Extracted information:
*** Block opens ***

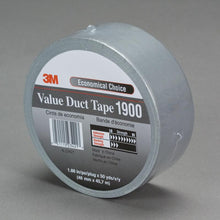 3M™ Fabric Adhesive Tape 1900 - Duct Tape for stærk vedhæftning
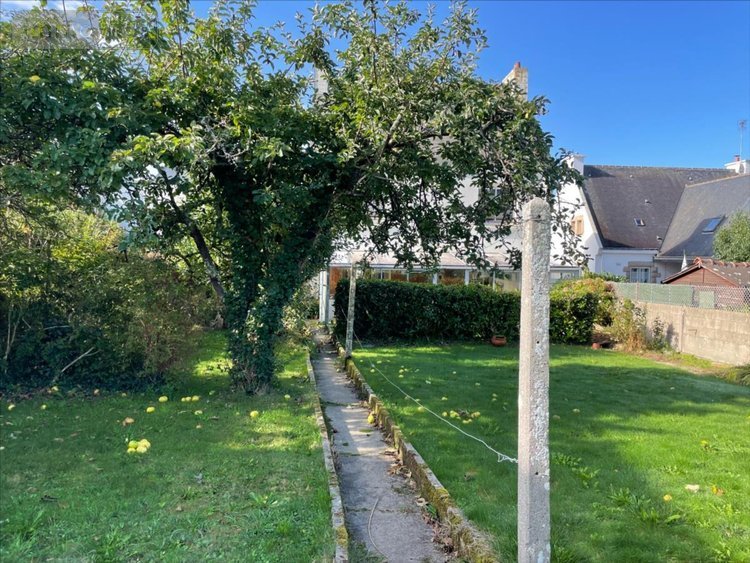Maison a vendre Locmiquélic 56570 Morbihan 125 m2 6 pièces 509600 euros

*** Block closes ***
*** Block opens ***

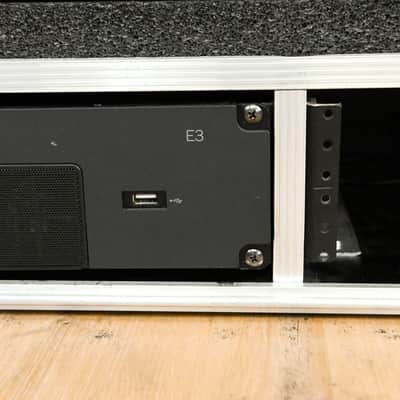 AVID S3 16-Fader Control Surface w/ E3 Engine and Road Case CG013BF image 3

*** Block closes ***
*** Block opens ***

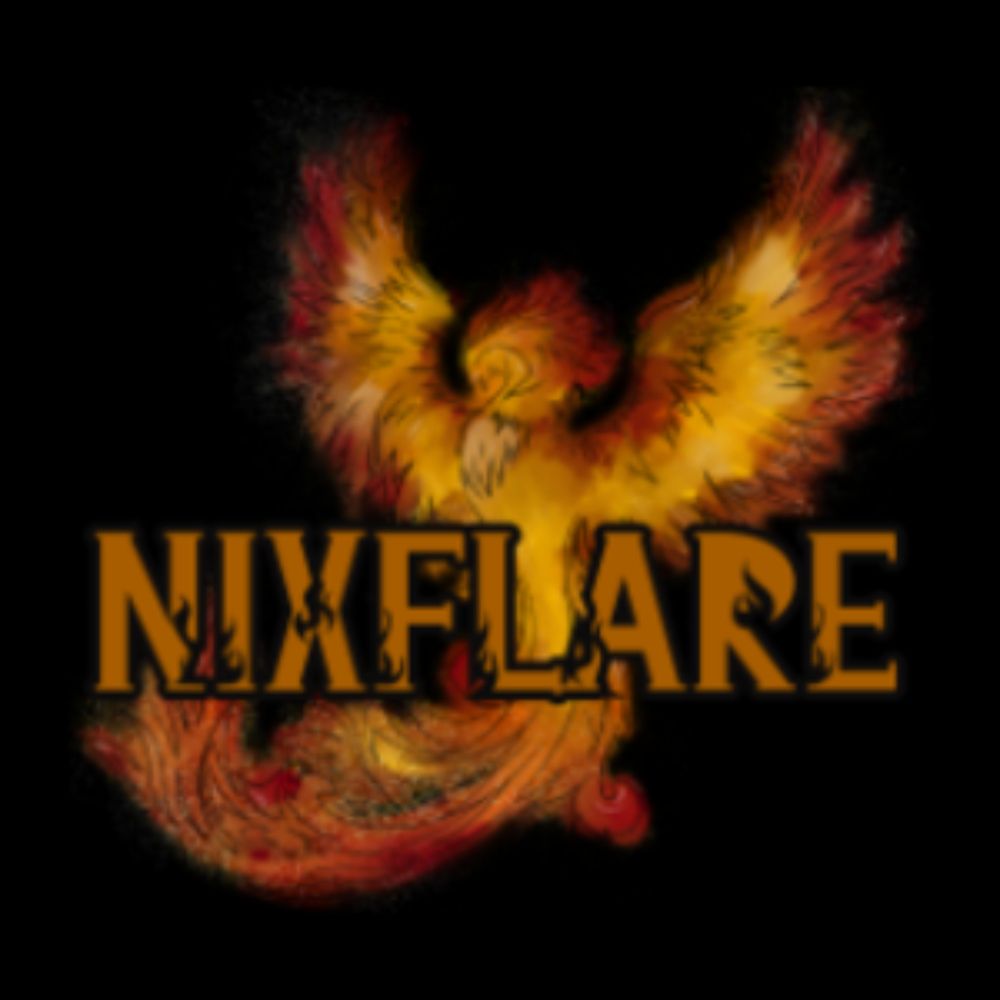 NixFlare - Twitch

*** Block closes ***

Instructions for the task: From the listing above, repeat only the lines between the line containing "3M™ Fabric Adhesive" and the line containing "Maison a vendre", those two included. Pictures are not part of the copy.

Result for this task:
 3M™ Fabric Adhesive Tape 1900 - Duct Tape for stærk vedhæftning
Maison a vendre Locmiquélic 56570 Morbihan 125 m2 6 pièces 509600 euros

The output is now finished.